(Records from a collection)
┌──
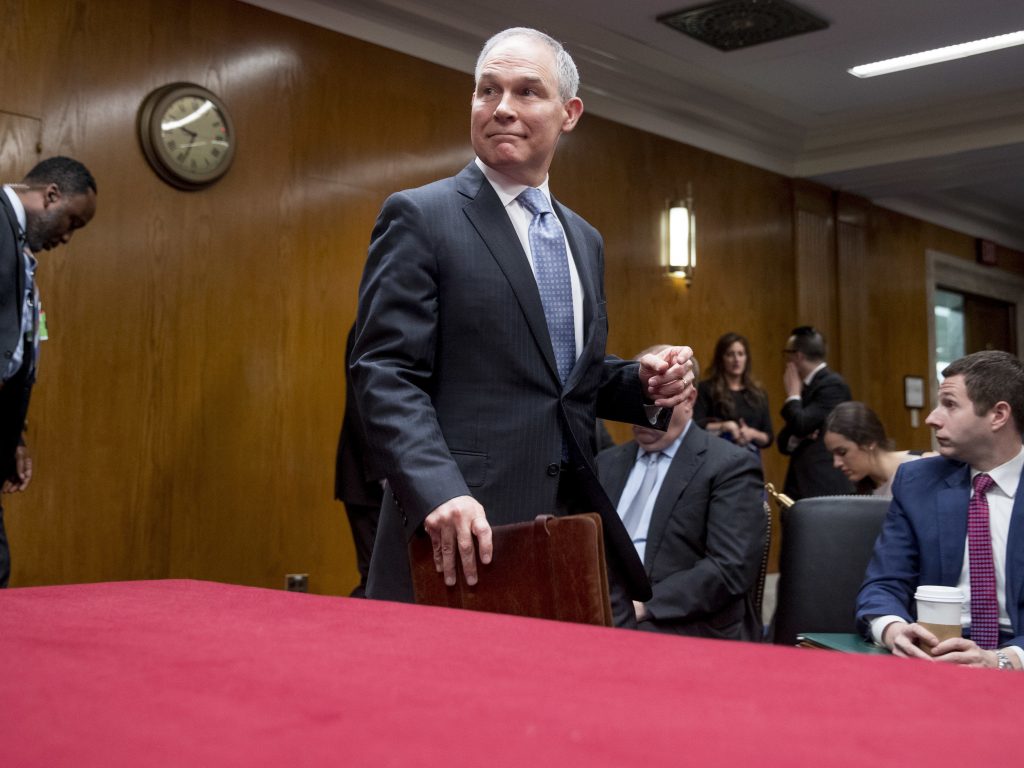 Scott Pruitt, administrator of the Environmental Protection Agency, arrives for his testimony Wednesday before a Senate Appropriations subcommittee. Scott Pruitt, administrator of the Environmental Protection Agency, arrives for his testimony Wednesday before a Senate Appropriations subcommittee. (Andrew Harnik/AP)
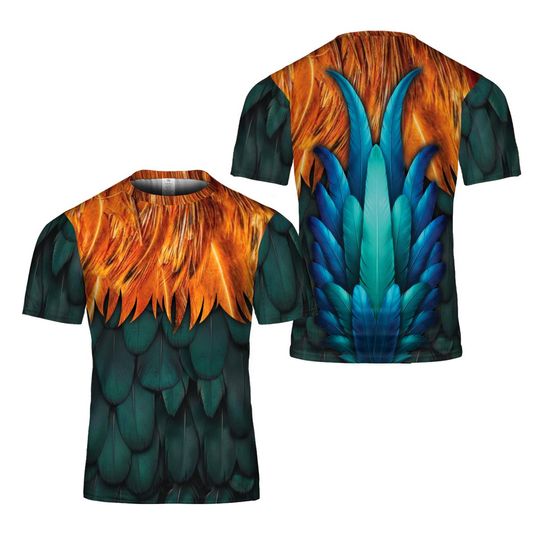 Hei Hei Rooster Costume T-Shirt, Moana Movie Halloween Costume Tee, Hei Hei Chicken Cosplay All Over Print, Rooster Shirt, Funny Hei Hei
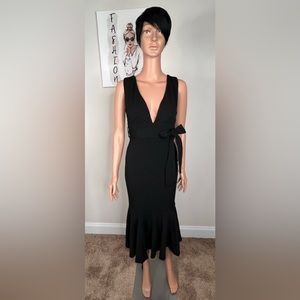 Strappy Tie Waist Fishtail Midi Dress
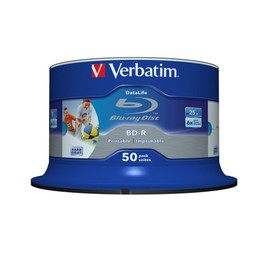 Verbatim 43812 25GB 6x BD-R SL Datalife Inkjet Printable - 50 Pack Spindle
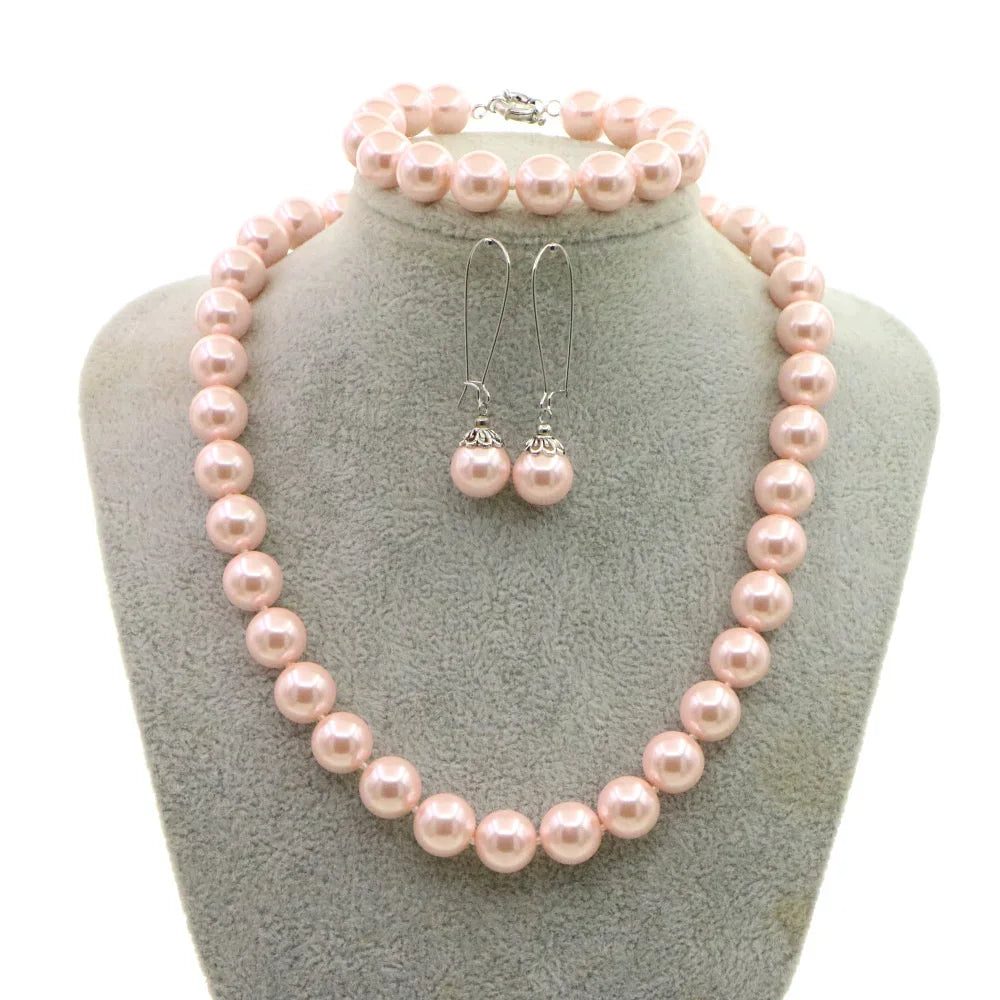 Necklace for Women 12mm Pink Pearl Necklace Bracelet Earrings Sets Jewelry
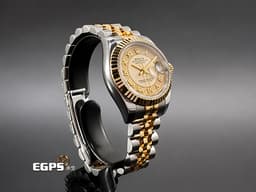 ROLEX 勞力士 Lady DateJust 179173 蠔式日誌型&nbsp;DJ26 經典三角坑紋錶圈 半金款 <font color="#ff0000">18K黃金材質 羅馬數字立體時標&nbsp;天然珍珠母貝面盤 五株紀念型鏈帶&nbsp;</font>自動上鍊 26mm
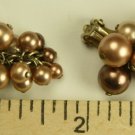 Vintage Dangle Cluster Beads Clip On Earrings, Clip On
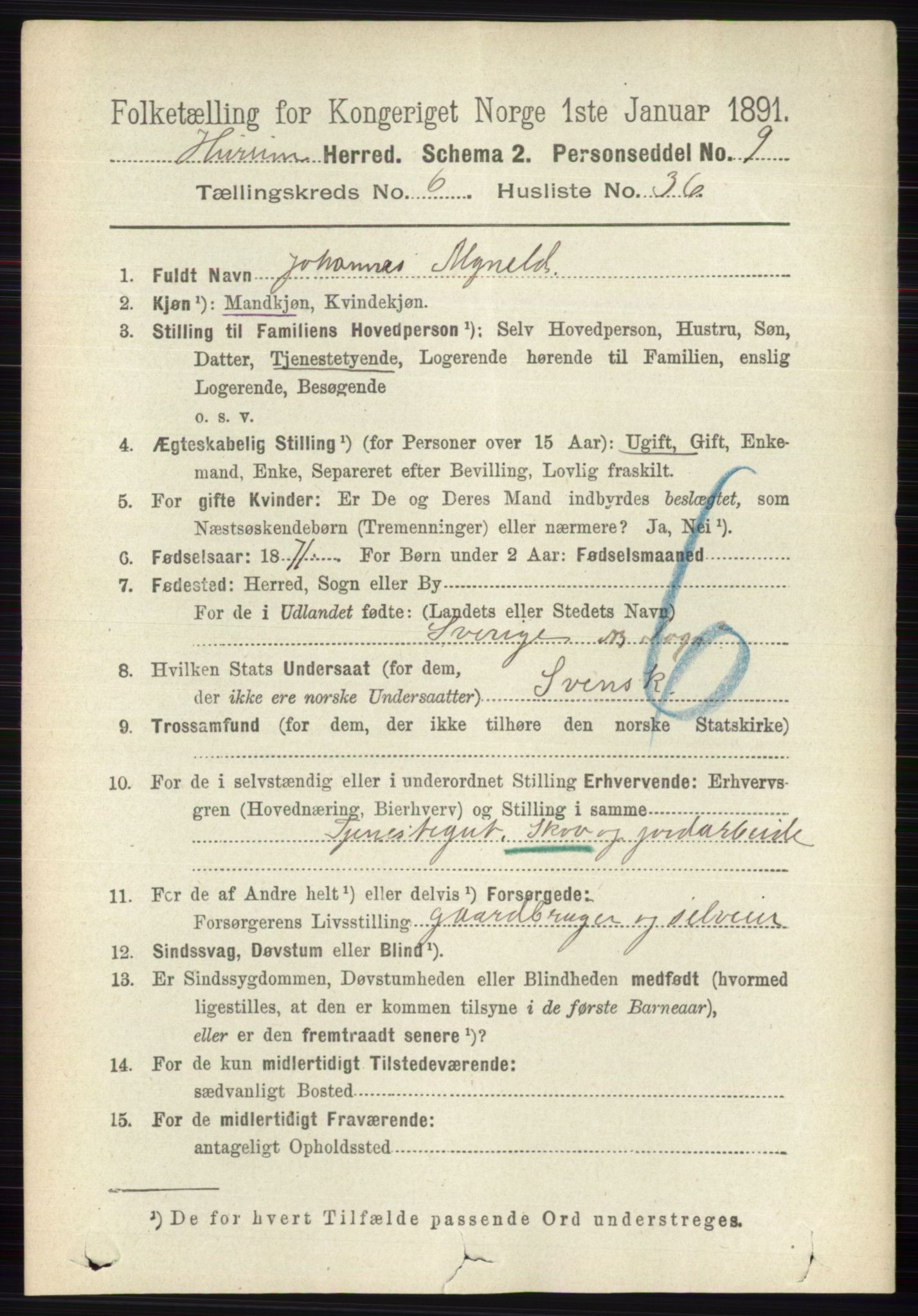 RA, 1891 census for 0628 Hurum, 1891, p. 2206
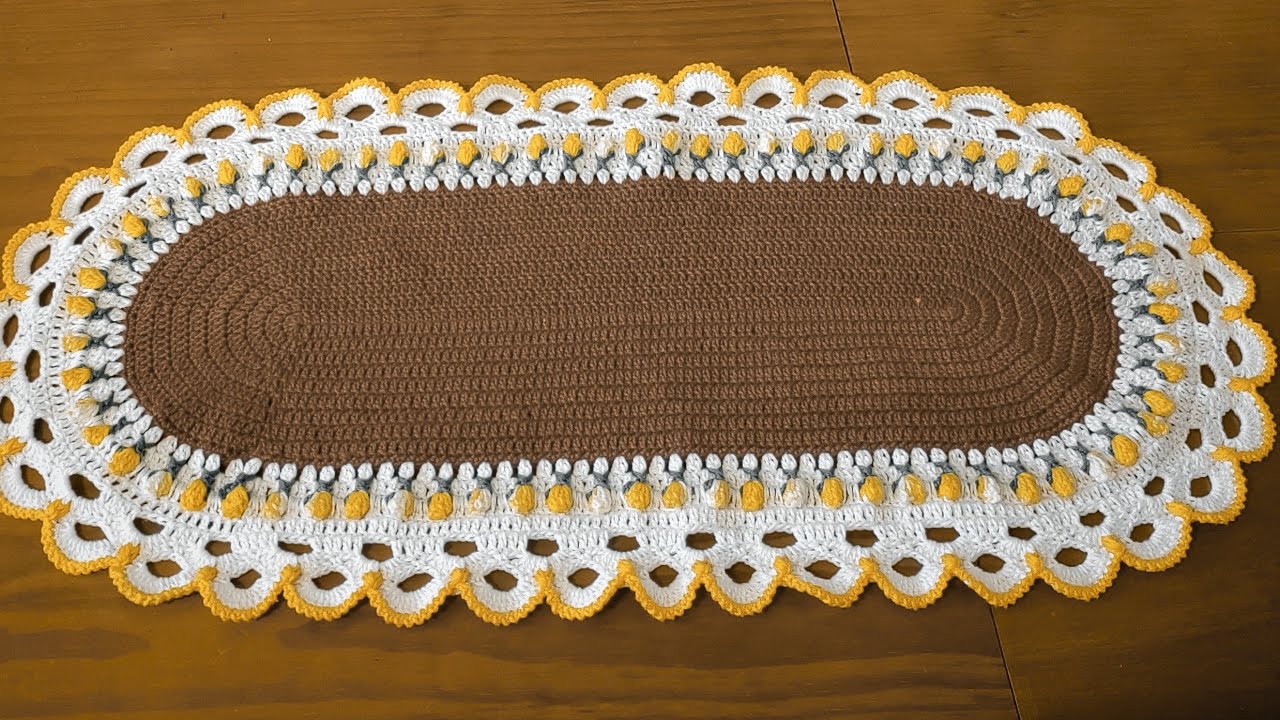 Crochet Medium Oval Tulip Doily - YouTube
└──
- **WORK REQUEST**:
Please return all of the entries word for word, excluding the pictures.

- **REPLY TO THE EXERCISE**:
 Scott Pruitt, administrator of the Environmental Protection Agency, arrives for his testimony Wednesday before a Senate Appropriations subcommittee. Scott Pruitt, administrator of the Environmental Protection Agency, arrives for his testimony Wednesday before a Senate Appropriations subcommittee. (Andrew Harnik/AP)
 Hei Hei Rooster Costume T-Shirt, Moana Movie Halloween Costume Tee, Hei Hei Chicken Cosplay All Over Print, Rooster Shirt, Funny Hei Hei
 Strappy Tie Waist Fishtail Midi Dress
 Verbatim 43812 25GB 6x BD-R SL Datalife Inkjet Printable - 50 Pack Spindle
 Necklace for Women 12mm Pink Pearl Necklace Bracelet Earrings Sets Jewelry
 ROLEX 勞力士 Lady DateJust 179173 蠔式日誌型&nbsp;DJ26 經典三角坑紋錶圈 半金款 <font color="#ff0000">18K黃金材質 羅馬數字立體時標&nbsp;天然珍珠母貝面盤 五株紀念型鏈帶&nbsp;</font>自動上鍊 26mm
 Vintage Dangle Cluster Beads Clip On Earrings, Clip On
 RA, 1891 census for 0628 Hurum, 1891, p. 2206
 Crochet Medium Oval Tulip Doily - YouTube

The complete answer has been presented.